Would be glad if people can share their experiences.
Adding the possible solution I though of:
while(executor.getQueue().remainingCapacity <= 0){
// keep looping
Thread.sleep(100);
};
//if the loop exits ,indicates that we have space in the queue hence
//go ahead and add to the queue
executor.execute(new ThreadInstance(params));
I would change the behaviour of your queue. e.g.
public class MyBlockingQueue<E> extends ArrayBlockingQueue<E> {
private final long timeoutMS;
public MyBlockingQueue(int capacity, long timeoutMS) {
super(capacity);
this.timeoutMS = timeoutMS;
}
#Override
public boolean offer(E e) {
try {
return super.offer(e, timeoutMS, TimeUnit.MILLISECONDS);
} catch (InterruptedException e1) {
Thread.currentThread().interrupt();
return false;
}
}
}
This will wait for the queue to drain before giving up.

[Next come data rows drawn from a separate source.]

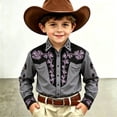 thumbnail image 2 of KHONTS Boys Western Cowboys Shirts for Kids Button down Printed Casual Collared Shirts,Size 4-13 Years Grey 170, 2 of 3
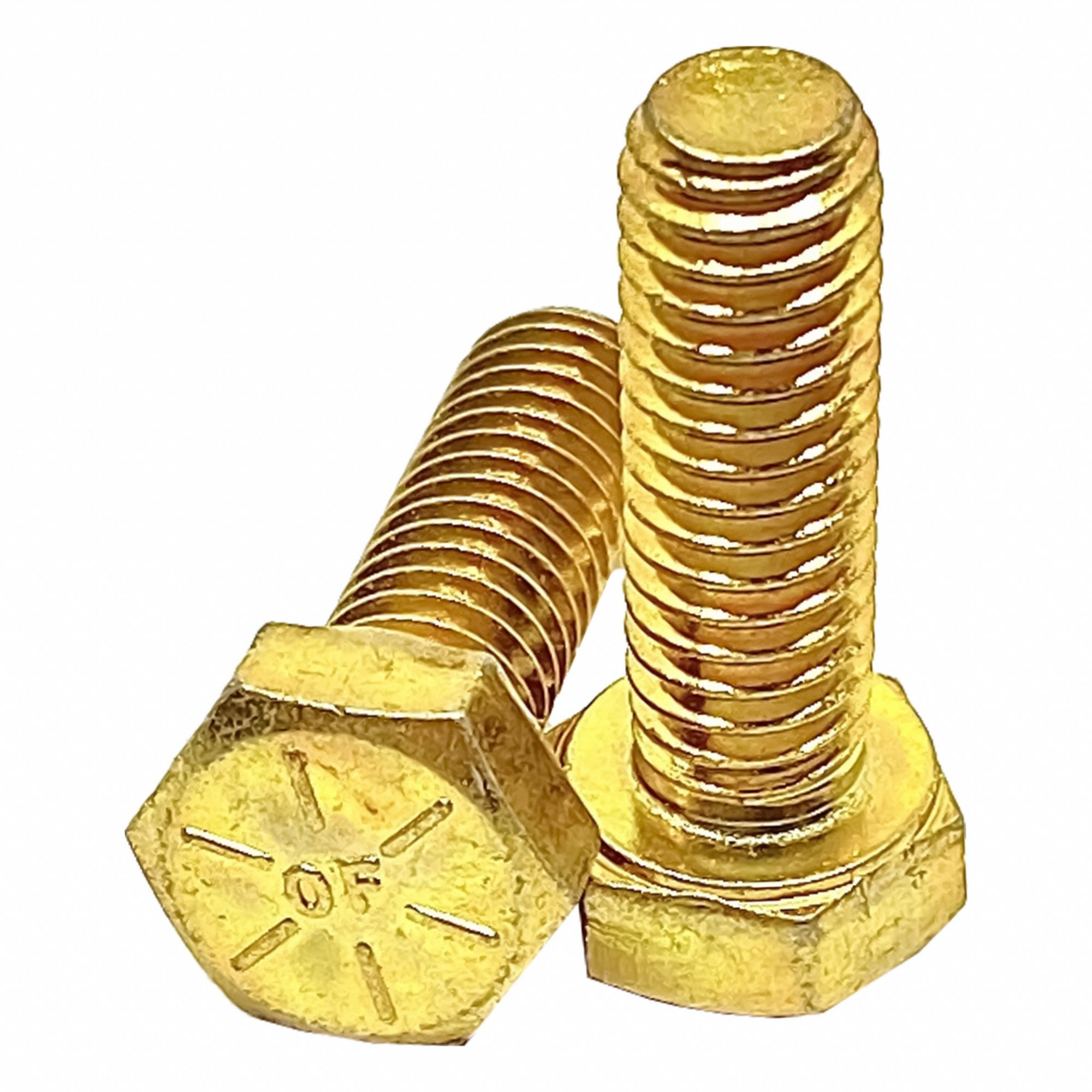 Hex Head Cap Screw: Steel, Grade 8, Zinc Yellow, 3/8"-16, Coarse, 1 in lg, Globally Sourced, 50 PK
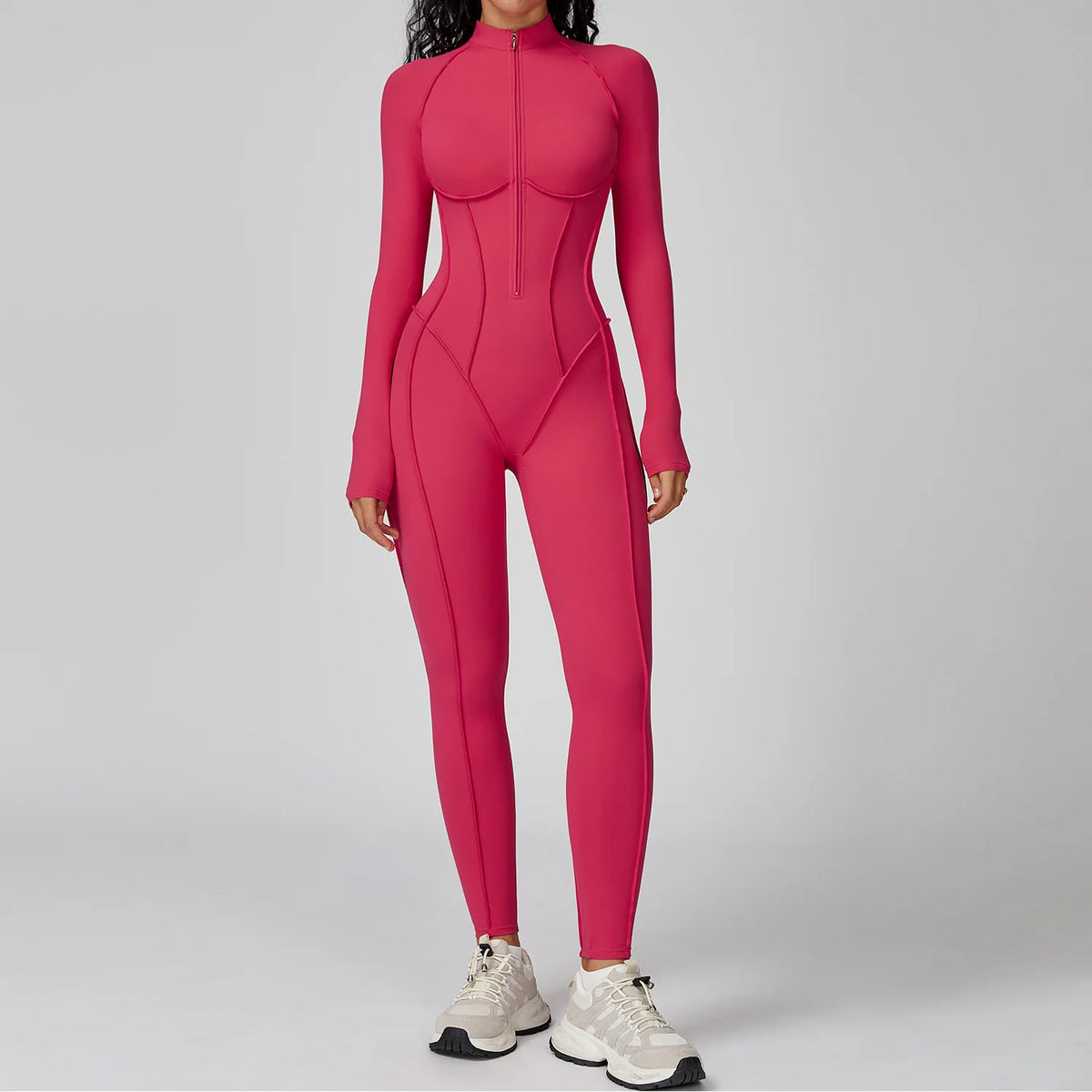 Women Yoga Bodysuit Long Sleeved Tracksuits Gym Zipper Jumpsuits Sports One Piece Workout Bodycon Jumpsuits Tights Suit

If you have constrained your thread pool to only allow a certain number of concurrent threads (generally a good thing), then the application needs to somehow push-back on the calling code, so when you receive a RejectedExecutionException from the ThreadPoolExecutor you need to indicate this to the caller and the caller will need to handle the retry.
An analogous situation is a web server under heavy load. A client connects, the web server should return a 503 - Service Unavailable (generally a temporary condition) and the client decides what to do about it.